Q: Ahrar uş Şam Nureddin Zengi Hareketi ile beraber Cephe Tahrir Suriye adı altında yeni bir birlik kurdu. Bu birlik gerçekte nedir? Cephe Tahrir Suriye’nin amaçları nedir?
A: Aslında gerçekleşen birleşmeden ziyade bir ortak cephedir. Belki ileride gerçek bir birleşmeye doğru evrilecektir fakat bunun için daha birkaç adım atılması gerekmektedir. Ayrıca bu devrimci karargahları birleştirmeye yönelik bir gayrettir. Belki grupların hakim olduğu şu anki durumdan tek bir ordunun hakim olduğu bir duruma doğru evrilmesi içindir. Cephe Tahrir Suriye’nin amacı kontrl ettiği bölgelerde tek bir sistemin oluşturulmasıdır. Ondan sonra özgürleştirilmiş bölgeler için devrimci kişilerden oluşan bir yönetimin kurulması hedeflenmektedir.
Q: Cephe Tahrir Suriye ile Heyet Tahrir uş Şam arasında geniş çaplı çatışmalar yaşandı. Şuan İdlib’teki durum nedir? Bölge bu çatışmadan nasıl etkilendi? Sizce Heyet Tahrir uş Şam çatışma sonrasında zayıfladı mı?
A: İdlib’teki durum neredeyse tamamen durgunlaşmıştır. Nasıl etkilendik… Aslında tüm bölge genel manada zayıfladı. Kimin haklı ve kimin haksız olduğu fark etmeksizin silahların ve mühimmatların doğrusu olan ran’a, Rusya’ya ve rejime karşı kullanmak yerine bir iç savaşta kendi kendimize karşı kullanmış olmamız aslında büyük bir zafiyettir.

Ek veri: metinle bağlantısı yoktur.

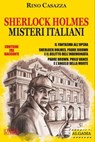 SHERLOCK HOLMES MISTERI ITALIANI - Rino Casazza - 9791280265326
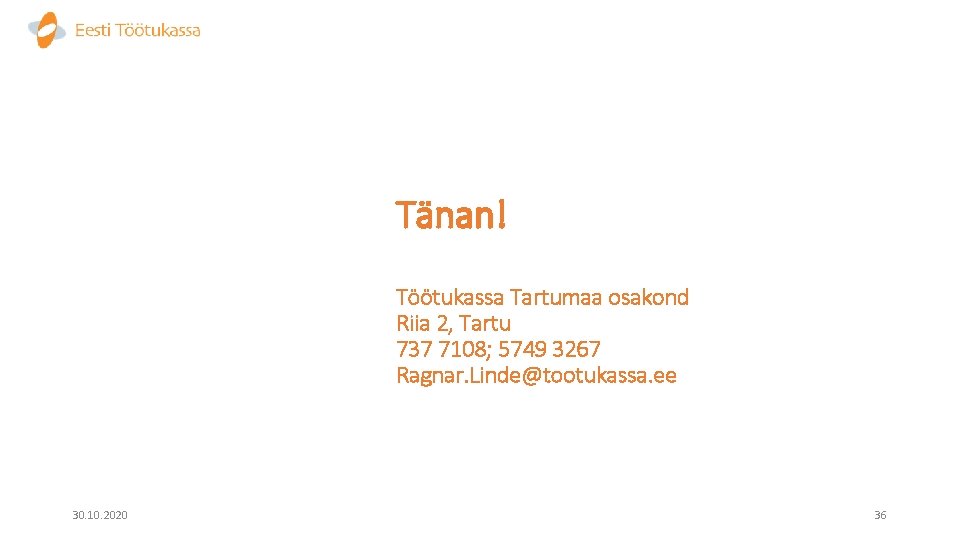 Tänan! Töötukassa Tartumaa osakond Riia 2, Tartu 737 7108; 5749 3267 Ragnar. Linde@tootukassa. ee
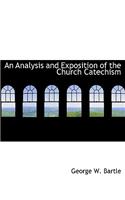 An Analysis and Exposition of the Church Catechism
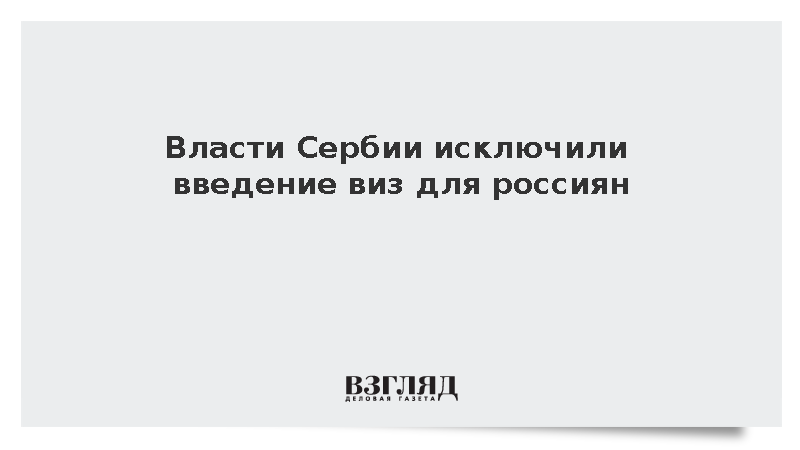 Власти Сербии исключили введение виз для россиян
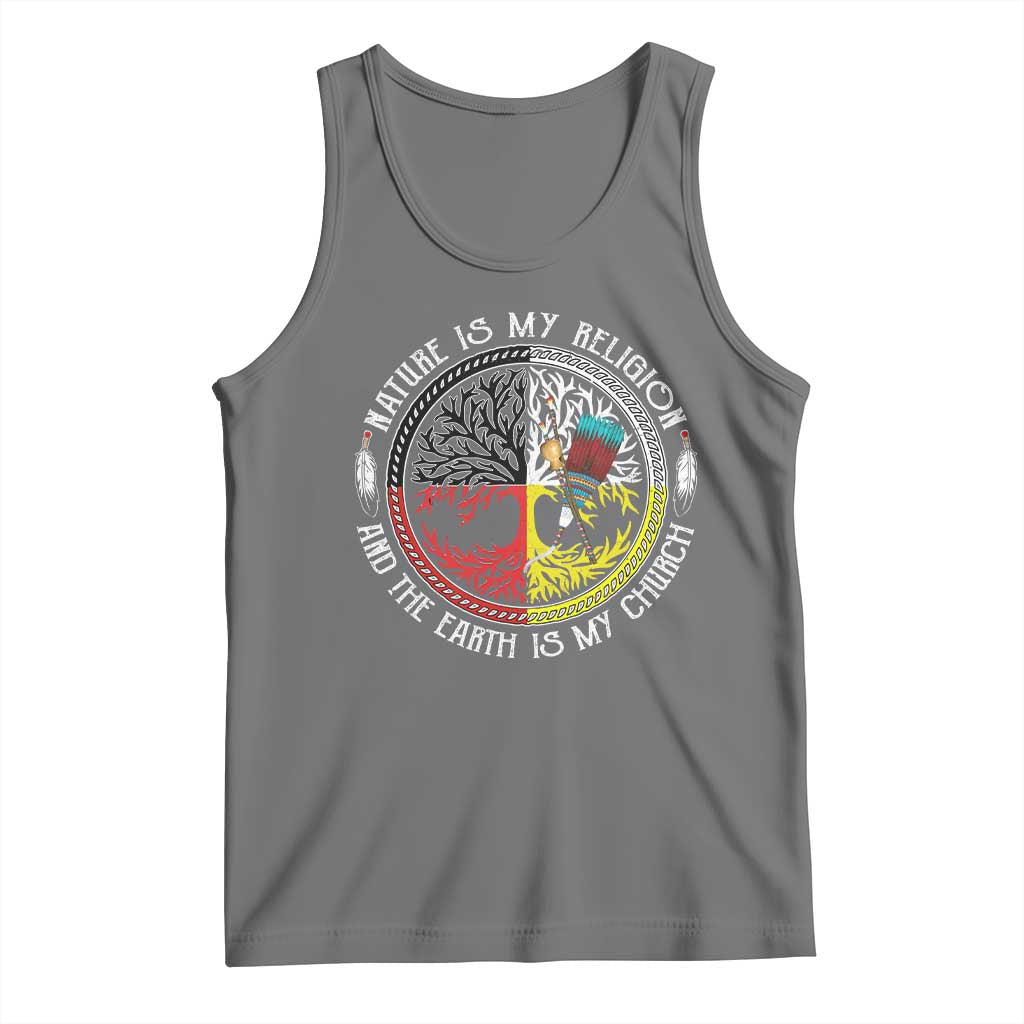Native Americans Tank Top Nature Is My Religion And The Earth Is My Church Tree Peyote - Wonder Print Shop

Q: Birçok Suriyeli muhalif grup Ulusal Özgürleştirme Cephesini kurdu. Ulusal Özgürleştirme Cephesinin sizce amacı nedir? Sizin yeni kurulan çatı yapılanmaya karşı fikriniz nedir? Yeni kurulan yapılanma Heyet Tahrir uş Şam’ı zayıflatmak için mi kuruldu?
A: Ulusal Özgürleştirme Cephesi’ni kuran gruparın arasında en önemlisi Feylak uş Şam’dır ve Feylak uş Şam iyi bir gruptur. Yeni yapılanmanın lideri bir üst düzey komutandır. Yapılanmanın olumlu sonuçları olacağını düşünüyoruz. Yeni yapılanmanın kurulma sebepleri arasında Heyet Tahrir uş Şam’ı zayıflatma yoktur. Sebebi özgürleştirilmiş bölgelerdeki grupların gayretlerini birleştirmektir.
Q: Huraşiddin ve Ensar el Tevhid grupların kurulması arkasındaki sebepler nedir? Sizin onlara karşı görüşünüz nedir?
A: HTŞ içindeki bazı üye ya da kişiler, HTŞ’nin Türkiye ile ilişkileri teslim olmak olarak değerlendiriyor ve onun gibi bir çok konu ve problem karşısındaki politika değişikliklerini göz önünde bulunduruyorlar. HTŞ’den ayrıldılar ve farklı bir şey oluşturdular. Ayrıca onlar aşırıcılardır ve El-Kaide’den ayrı yürümeyi reddediyorlar. Bu sebeplerden ötürü bu ayrılık oluştu. Benim görüşüme göre daha fazla kan dökülmemesi, özgür bölgelerde insanların uluslararası toplum tarafından yakılmaması için bu oluşumların tamamen ortadan kalkması gerekiyor. Gerekli olan şey devrimin ilk zamanlarındaki gibi hürriyet, özgürlük ve demokrasi gibi devrim ve ulusal hedeflere hizmet eden devrimci ve ulusal oluşumlardır.
Q: ABD Heyet Tahrir uş Şam’ı terörist organizyon olarak ilan ettiğini resmi olarak duyurdu. Sizin bu konu hakkındaki örüşünüz nedir ve bu Idlib ve Suriye politikalarını nasıl etkiler?
A: ABD’nin yaptığı karşısında bizim duruşumuz ve düşüncemiz, Allah şahit, HTŞ’nin kendini fesh etmesi ve bu ismi elimine etmesi için çok kez tavsiyede bulunduk fakat onlardan olumlu bir karşılık alamadık. Bu sınıflandırmanın tüm bölgeyi siyaha boyamanın ilk aşaması olduğunu ve bu bölgeyi ağır bombardıman dalgasına ve bölgenin ağır bir şekilde yakılmasına açık hale getirdiğini biliyoruz.
Q: Doğu Guta’nın, Rastan cebi ve Şam’ın güneyinin kaybedilmesi göz önüne alındığında, Astana süreci başarısız bir girişim olarak görülebilir mi?
A: Astana görüşmelerini bir hata olarak görmek doğru değil. Bu görüşmeleri, sizi riske atan, özgür bölgelerden kalan bir adım ya da girişim olarak görmelisiniz. Bu görüşmeler başladığında, İran, Türkiye ve Rusya savaşı bitirmek ve ateşkes ilan etmek istediler çünkü tüm bu ülkelerin, savaşın bitiminden çıkarları var. Bu Astana’nın asıl sebebiydi. Guta ve Kuzey Hama’nın gibi bölgelerin düşüşünün asıl nedeni muhalifler ve Türkiye gibi dost bölgelerden uzak olduklarıdır. Bu nedenle ele geçirilmesi zor değildi.